This situation poses a very large problem for Bush. He believes in the free market, which means even as evidence of price-gouging by electricity vendors is verified, he asserts that only competition can rein in spiraling energy prices. (Rates in California have gone up by 50 percent, with further rate increases predicted.) He hates, he positively abhors, the idea of price controls.

Additionally, he has strong ties to energy companies, especially as many of the large profitable vendors come from his home state of Texas. He -- or at least his voluble vice president, Dick Cheney, who has been making speeches on this very subject -- does not believe that energy conservation can do much to lessen demand.

So Bush is stuck with the position that doing nothing to alleviate current hardships is the best course: he insists that even if electricity rates double and electricity becomes unavailable for hours a day, only building new power plants, new nuclear generation plants, and stringing huge amounts of new cable will solve the problem.

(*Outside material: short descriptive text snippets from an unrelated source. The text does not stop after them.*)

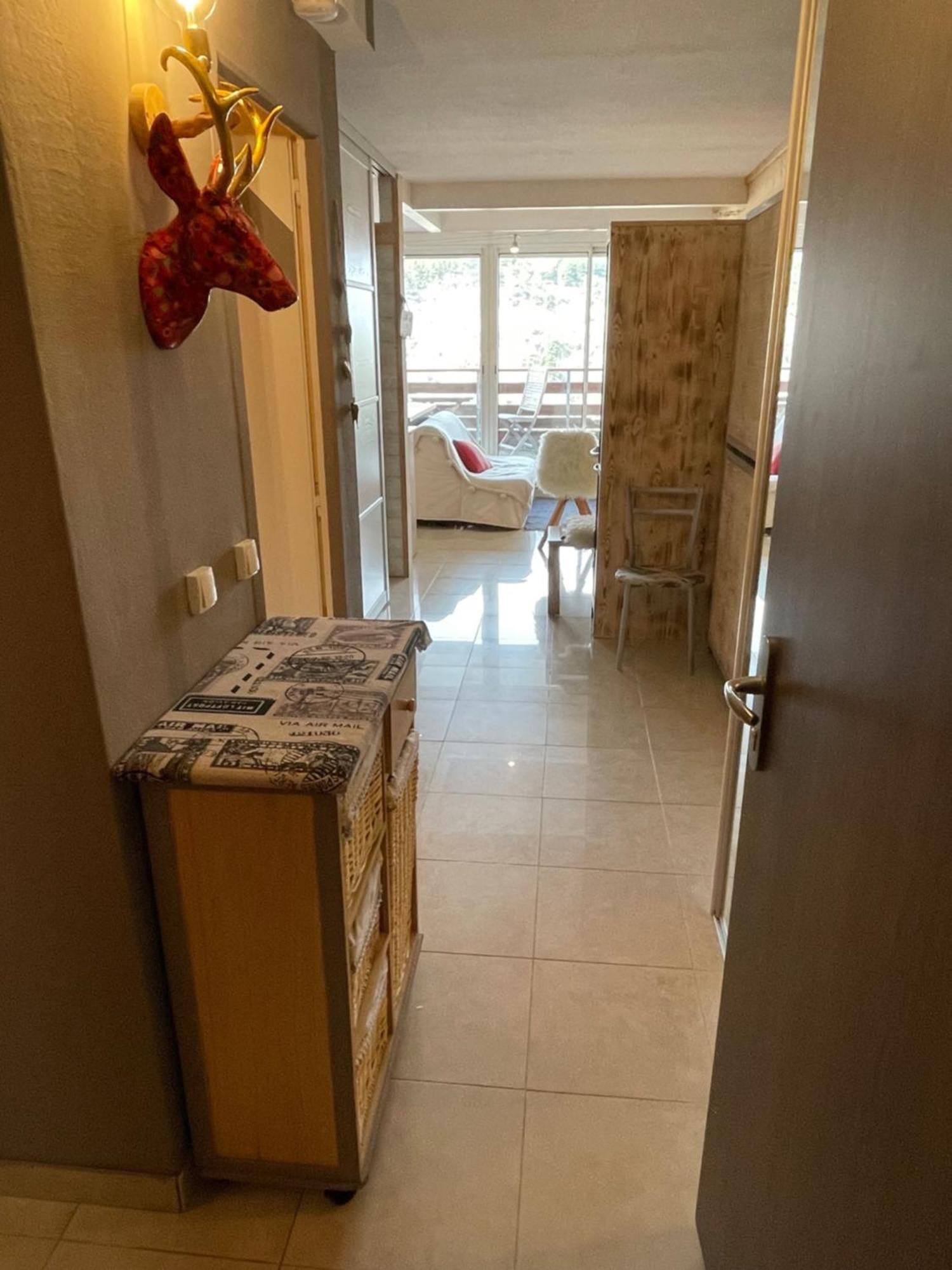 Appartement le champas à Enchastrayes Extérieur photo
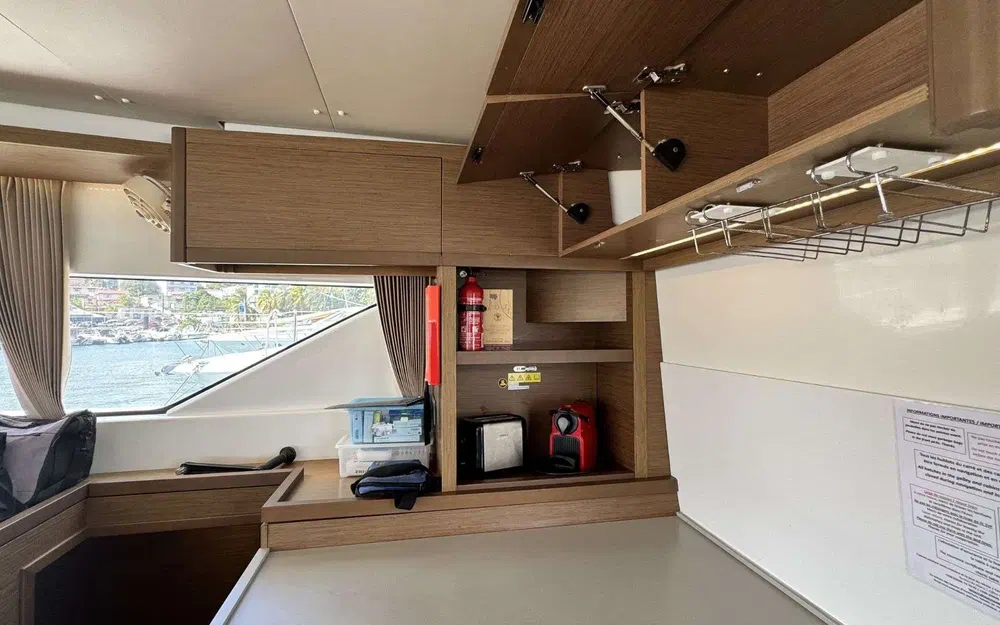 slider 39 Lagoon 50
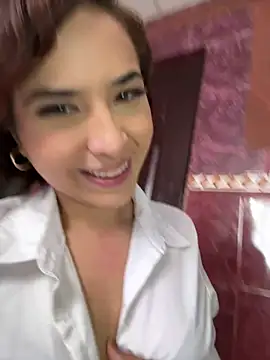 แชท XXX สดของ LadyScarlett_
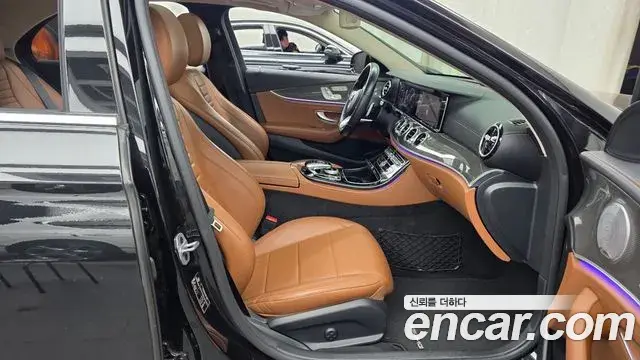 Mercedes-Benz E-Class 2019 — Фото 11/20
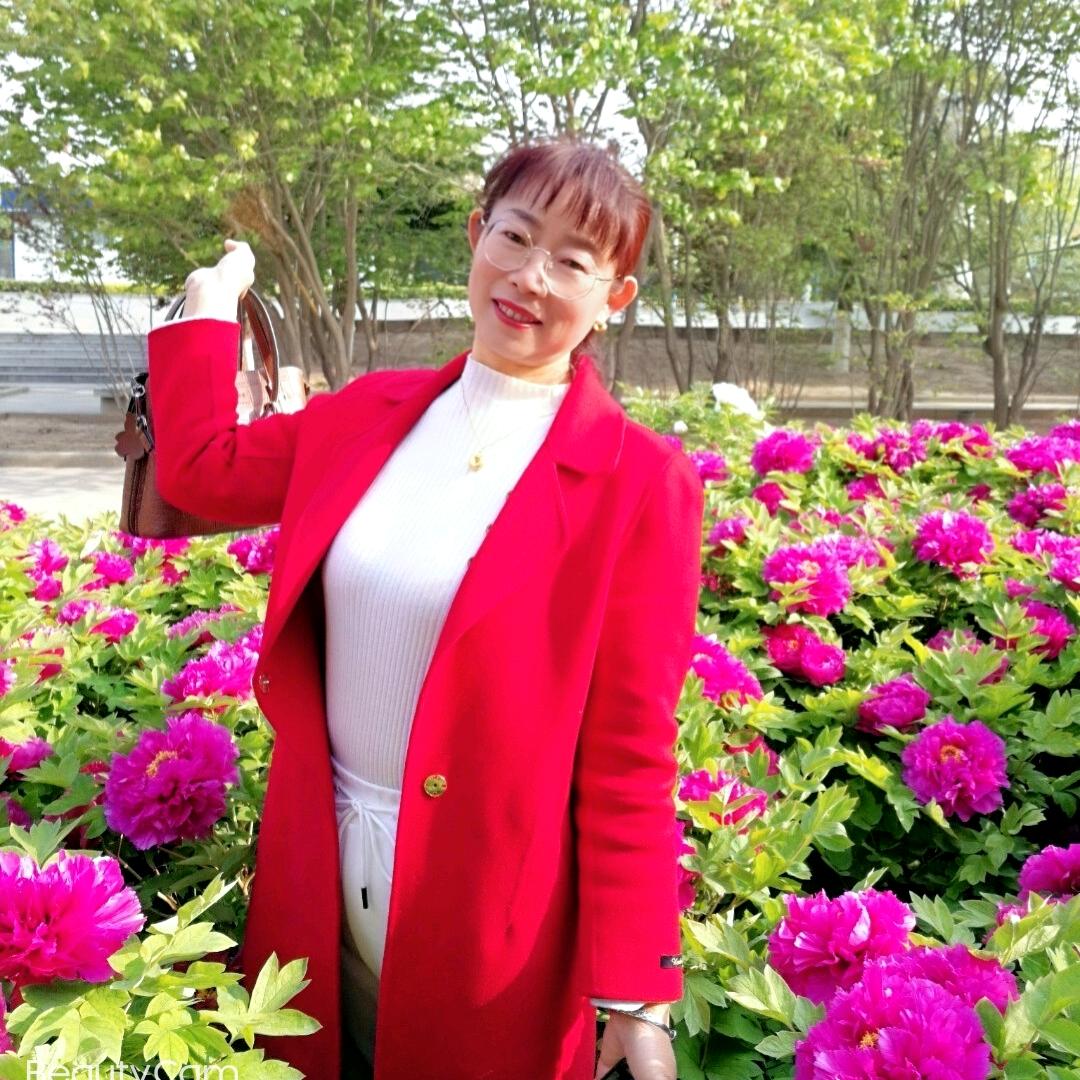 中流砥柱旅游有限公司 卫芳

Politicians learn to their dismay that ignoring the current problems of the electorate is a recipe for disaster. Telling Californians to wait for three or four years, when their businesses shut down, their homes go without electricity, their jobs disappear and their lives are disrupted in all sots of ways, is not going to work. Bush is in for big trouble.

The political difficulties over energy facing Bush are worse than just described. For if Americans are dependent on electricity, they are passionate about automobiles. Americans have a love affair with their cars. This is not news: a sizeable percentage of global pollution and global warming is caused by this strange American passion, one that the citizenry of the US just will not abandon. In recent weeks gasoline prices have been zooming, up between sixteen and fifty percent depending on region. (Prices have gone up most in the Midwest.)

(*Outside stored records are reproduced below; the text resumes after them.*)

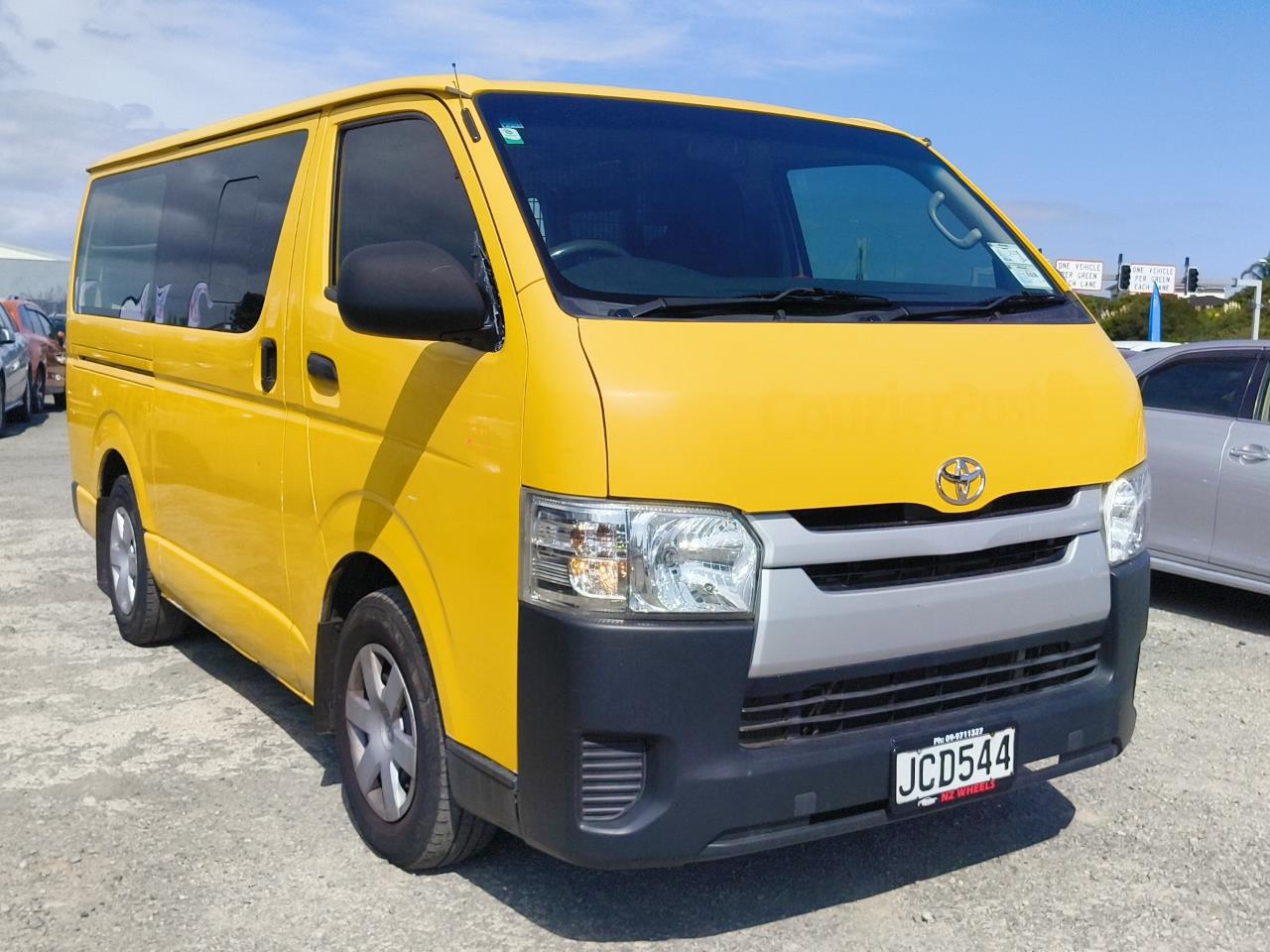 2015 Toyota Hiace thumbnail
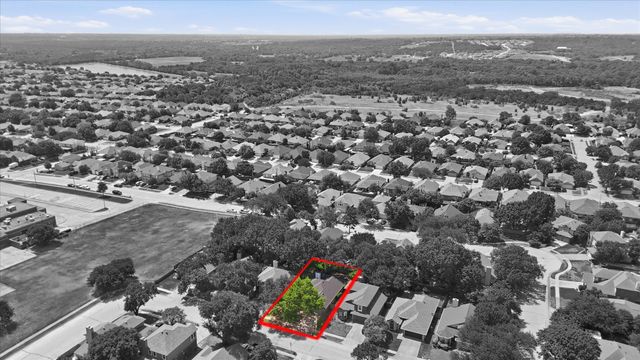 8812 Sabinas Trail, Fort Worth, TX 76118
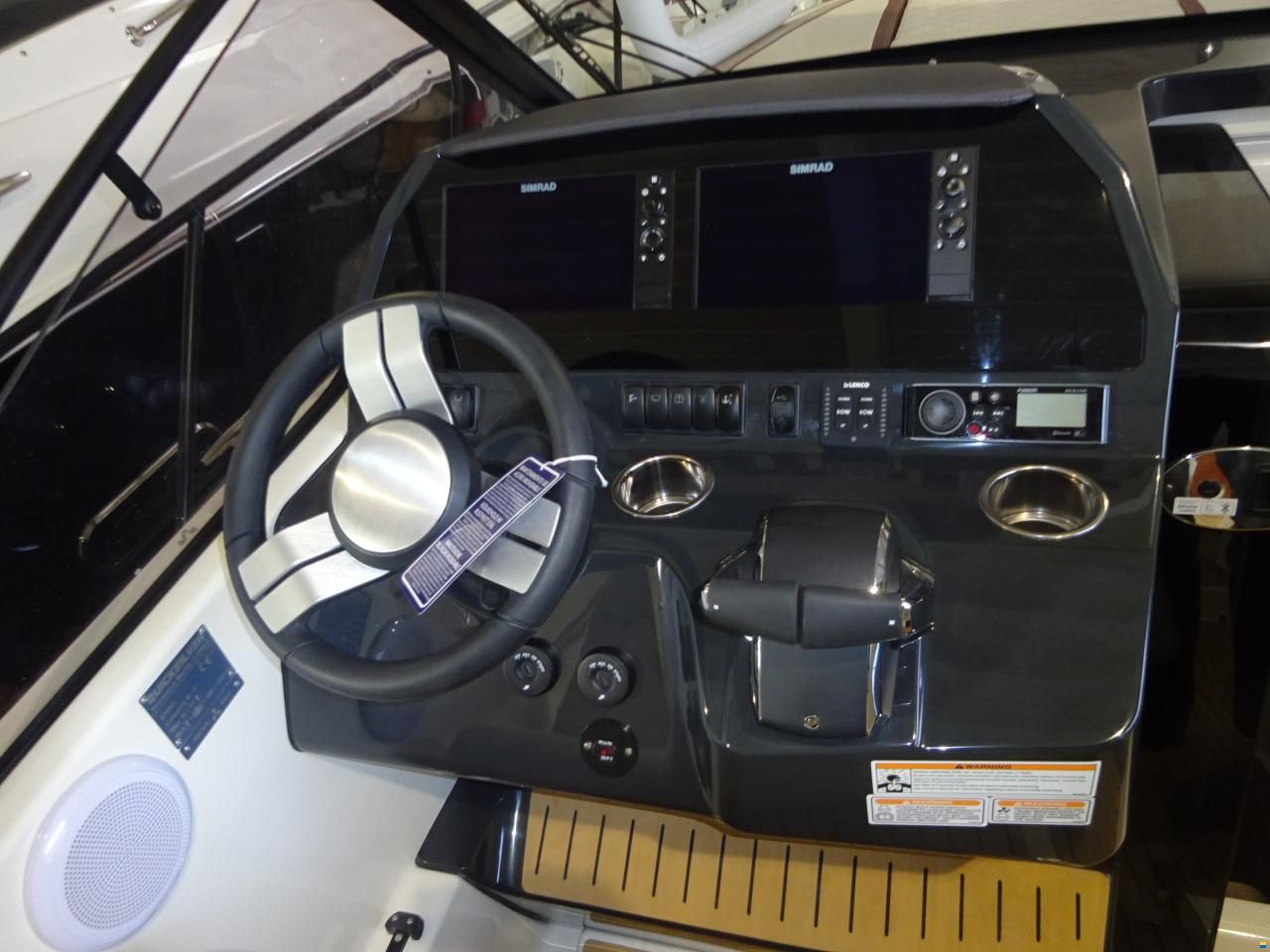 Quicksilver Activ 875 Sundeck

There is every indication that the prices will rise considerably higher in the next several months, for Americans drive more in the summer. When the weather turns good in cold regions, when workers have their holidays, the love affair between Americans and their cars blossoms profusely. From going for a drive for the sheer pleasure of being on the road, to going to the lake or mountains for a picnic, to going on vacation, Americans pile into their cars and drive in huge numbers.

Thus, while gasoline is in short supply, demand is about to escalate. Again, President Bush has no solution -- other than drilling for oil in the pristine wilderness in Alaska and saying, "Wait for four or five years until new refineries are built."

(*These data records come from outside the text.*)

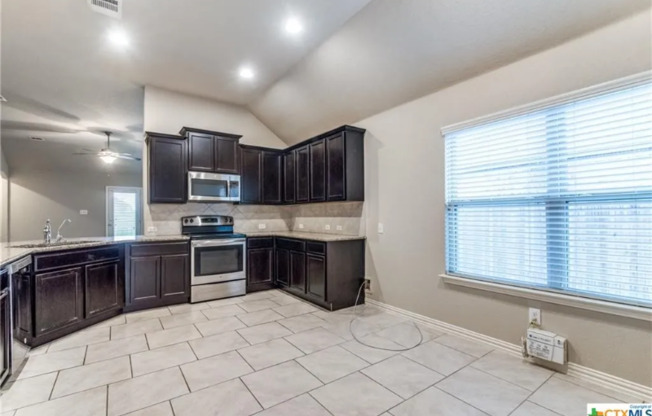 1911 JAMIE LN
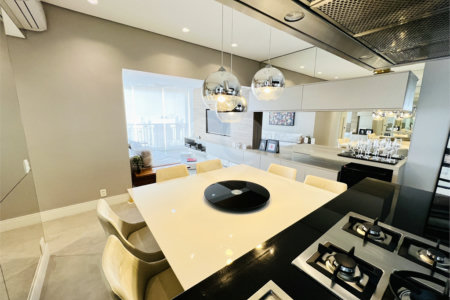 Apartamento venda / locação Vila Nova Conceição, 80m², andar alto, 1 suíte e 2 vagas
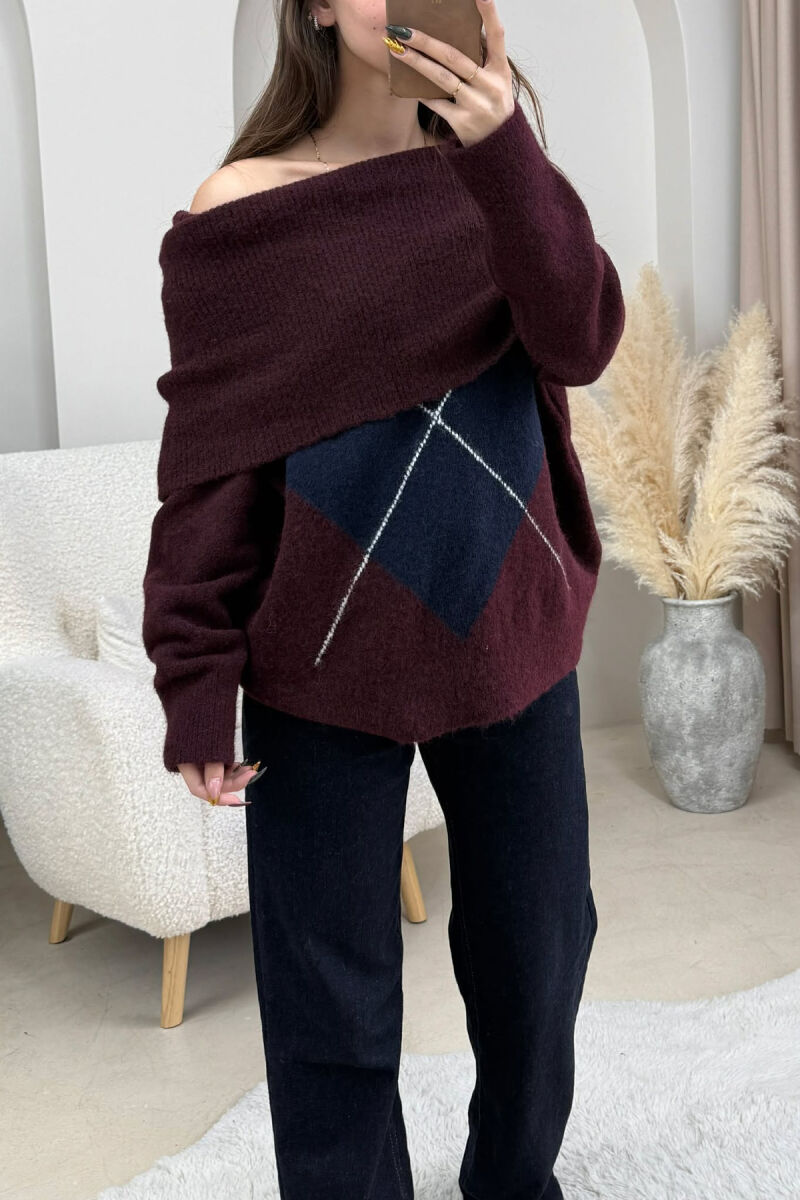 OFF SHOULDERS RHOMBUS DESIGN WOMEN SWEATER DARK BURGUNDY/VISHNJE E ERRET - 2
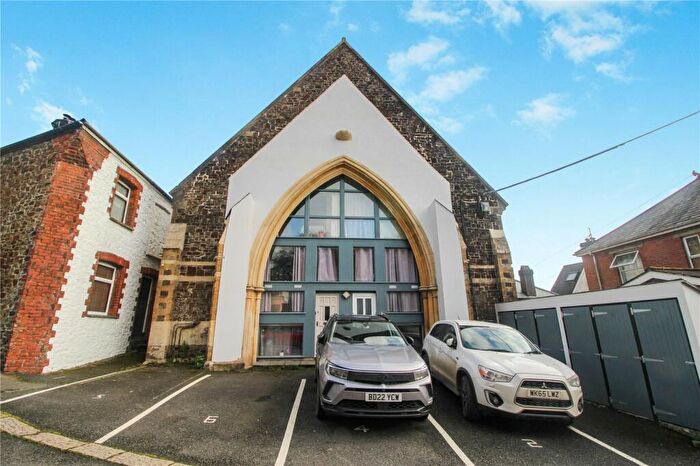 2 Bedroom Flat To Rent In Holsworthy, EX22
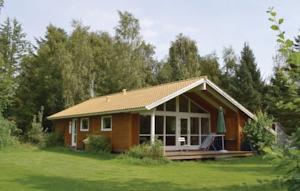 Отель Holiday home Lindevangen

But so dependent is the nation on gasoline, not only for personal pleasure but for the movement of goods and the movement of workers to their jobs, that inflation in the price of gas will set off an inflationary spiral throughout the economy.

Driving a car will be more expensive, as will taking a plane. Food prices will escalate since most food is shipped long distances by truck; in fact, all products will rise in price since all goods move along gasoline-powered pathways.

And with rising gasoline prices Bush really has a problem. He is, after all, an "Oil President." His economic background, as was his father's before him, is in Texas oil. His friends are Texas oilmen. His vice president was a major oil-exploration company executive before he was tapped to run with Bush. Their campaign was funded, to the extent of many millions of dollars, by oil money: Over sixty million dollars flowed from the oil interests into Republican Party coffers in the last election.

Can Bush ignore this oil background in order to serve the people's interest? Of course. Will he? Absolutely, positively, not. There is no way the "Oil President" will abandon his old buddies, his financial supporters, his connections, his own personal economic interests.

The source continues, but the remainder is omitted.